BAFTA award-winning comedy Amandaland has been commissioned for a third run, the BBC has confirmed – alongside nine other series.
The hit show, starring Lucy Punch, Dame Joanna Lumley and Philippa Dunne, scooped the Bafta for best scripted comedy at Sunday’s prestigious ceremony, and is set to return for a brand new six-part run.
BBC Comedy Director Jon Petrie broke the news at the BBC Comedy Festival in Liverpool on Wednesday, also revealing that Black Ops will be back for a third series.
The comedy features Gbemisola Ikumelo and Saturday Night Live UK‘s Hammed Animashaun as two undercover police officers, and has already racked up a host of accolades, including a Bafta for Ikumelo for best female comedy performance.
Alongside the returning favourites, Petrie unveiled a raft of new programmes, including Hopley Hall, which will follow the staff and volunteers at a country house in Northern Ireland, starring Derry Girls‘ Jamie-Lee O’Donnell.
Meanwhile, Opening Up is set and filmed in and around Manchester, with Edinburgh Comedy Award winner Amy Gledhill taking the lead role.
A brand new documentary, Twenty Years Of Not Going Out, will mark two decades of the beloved sitcom created by and starring Lee Mack.
Further shows to receive new series commissions include Am I Being Unreasonable?, written by and starring Daisy May Cooper and Selin Hizli.
The duo said they were “excited (and slightly concerned) to return to the mad world of Am I Being Unreasonable?”. “The first two series have been an absolute joy to make and we couldn’t be more grateful to be back for a third time with our incredible cast and crew,” they added.
“There’s a lot to say in this series – some of which we probably shouldn’t – but we’re hoping to end on a high. Even if some of our characters might not.”
Things You Should Have Done, Such Brave Girls, Mammoth and Two Doors Down are also set to return for brand new series.
Amandaland has emerged as one of the BBC’s most popular comedy programmes in recent years, with Punch starring as glamorous divorcee Amanda.

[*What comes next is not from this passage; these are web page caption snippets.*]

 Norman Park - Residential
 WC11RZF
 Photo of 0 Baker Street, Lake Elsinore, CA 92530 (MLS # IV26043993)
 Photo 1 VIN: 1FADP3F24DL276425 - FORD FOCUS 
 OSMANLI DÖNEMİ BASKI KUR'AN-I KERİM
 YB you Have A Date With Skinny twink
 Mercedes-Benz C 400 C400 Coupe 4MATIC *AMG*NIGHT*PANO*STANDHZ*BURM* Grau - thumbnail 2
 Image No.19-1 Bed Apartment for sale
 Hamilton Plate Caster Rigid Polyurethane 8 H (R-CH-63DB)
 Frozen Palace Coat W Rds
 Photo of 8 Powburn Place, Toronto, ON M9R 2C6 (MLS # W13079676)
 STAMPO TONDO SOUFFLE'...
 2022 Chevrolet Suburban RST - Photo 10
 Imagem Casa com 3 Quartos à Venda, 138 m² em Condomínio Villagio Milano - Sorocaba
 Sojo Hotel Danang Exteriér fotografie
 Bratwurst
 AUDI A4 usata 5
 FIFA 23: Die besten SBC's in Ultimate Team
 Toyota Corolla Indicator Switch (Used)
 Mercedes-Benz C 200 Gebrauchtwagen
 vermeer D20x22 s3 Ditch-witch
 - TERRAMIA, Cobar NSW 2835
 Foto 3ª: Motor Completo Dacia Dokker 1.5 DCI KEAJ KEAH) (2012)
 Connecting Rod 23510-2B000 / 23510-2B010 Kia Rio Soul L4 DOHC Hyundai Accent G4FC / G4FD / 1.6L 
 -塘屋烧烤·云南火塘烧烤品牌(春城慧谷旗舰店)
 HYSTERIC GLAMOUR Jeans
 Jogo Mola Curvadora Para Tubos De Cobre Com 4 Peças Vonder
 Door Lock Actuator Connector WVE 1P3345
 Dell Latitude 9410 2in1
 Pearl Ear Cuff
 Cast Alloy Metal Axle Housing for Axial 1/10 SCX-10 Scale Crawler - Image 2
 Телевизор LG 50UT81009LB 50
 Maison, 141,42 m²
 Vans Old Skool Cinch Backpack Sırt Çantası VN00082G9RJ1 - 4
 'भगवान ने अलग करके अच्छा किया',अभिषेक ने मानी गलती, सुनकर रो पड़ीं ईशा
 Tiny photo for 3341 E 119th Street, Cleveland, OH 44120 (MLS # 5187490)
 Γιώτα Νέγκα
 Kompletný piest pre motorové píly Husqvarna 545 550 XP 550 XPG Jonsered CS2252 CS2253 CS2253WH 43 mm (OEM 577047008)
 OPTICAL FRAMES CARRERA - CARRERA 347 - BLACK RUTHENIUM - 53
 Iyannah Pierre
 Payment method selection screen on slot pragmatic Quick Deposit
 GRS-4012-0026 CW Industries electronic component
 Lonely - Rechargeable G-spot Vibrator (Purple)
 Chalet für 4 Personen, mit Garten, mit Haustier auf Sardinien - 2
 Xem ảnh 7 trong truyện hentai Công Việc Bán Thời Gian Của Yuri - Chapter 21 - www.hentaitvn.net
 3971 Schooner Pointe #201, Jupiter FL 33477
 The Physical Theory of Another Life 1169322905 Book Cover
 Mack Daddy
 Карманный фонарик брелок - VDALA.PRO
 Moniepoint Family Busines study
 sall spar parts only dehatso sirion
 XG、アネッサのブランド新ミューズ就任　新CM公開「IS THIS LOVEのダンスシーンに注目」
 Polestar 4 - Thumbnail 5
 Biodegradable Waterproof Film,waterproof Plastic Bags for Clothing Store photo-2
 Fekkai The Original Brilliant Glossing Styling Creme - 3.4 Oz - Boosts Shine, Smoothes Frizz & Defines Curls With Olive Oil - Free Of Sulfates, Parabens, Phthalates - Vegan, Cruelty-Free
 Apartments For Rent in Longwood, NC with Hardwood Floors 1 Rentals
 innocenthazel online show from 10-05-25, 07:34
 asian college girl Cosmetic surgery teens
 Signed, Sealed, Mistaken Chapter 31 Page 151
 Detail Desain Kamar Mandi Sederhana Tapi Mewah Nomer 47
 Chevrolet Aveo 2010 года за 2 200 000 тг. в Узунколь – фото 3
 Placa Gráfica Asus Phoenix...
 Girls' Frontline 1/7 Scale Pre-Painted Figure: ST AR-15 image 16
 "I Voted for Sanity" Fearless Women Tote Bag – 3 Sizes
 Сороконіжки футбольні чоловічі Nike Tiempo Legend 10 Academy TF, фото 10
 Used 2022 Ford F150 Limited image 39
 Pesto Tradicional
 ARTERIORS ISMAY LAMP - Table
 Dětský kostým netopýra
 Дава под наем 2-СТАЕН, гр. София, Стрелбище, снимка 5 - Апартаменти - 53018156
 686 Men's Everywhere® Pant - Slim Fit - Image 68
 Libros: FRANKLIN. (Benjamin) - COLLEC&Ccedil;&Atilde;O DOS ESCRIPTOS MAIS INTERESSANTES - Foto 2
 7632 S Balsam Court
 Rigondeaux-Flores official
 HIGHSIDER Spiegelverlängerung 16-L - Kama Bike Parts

Seb Barwell, BBC Comedy commissioning editor, said: “Amanda and friends continue to capture the hearts of the nation, so we’re delighted to announce a third series and to keep up our ‘co-lab’ with this amazing team.”
During a speech at the Comedy Festival, Petrie celebrated the remarkable comedy and acting talent to have emerged from Liverpool, from Ken Dodd to John Bishop, to the “original Liver Bird and all-round comedy legend Alison Steadman”.
Describing comedy as “part of our survival mechanism,” he noted the medium is “what people turn to again and again. It is what we quote, what we rewatch, what brings us together”.
Referencing incoming BBC director-general Matt Brittin, Petrie quipped that he plans to camp outside his office, “to meet him and make sure he understands just how vital it is that the BBC keeps backing comedy, so that this brilliant genre can not only survive, but thrive.”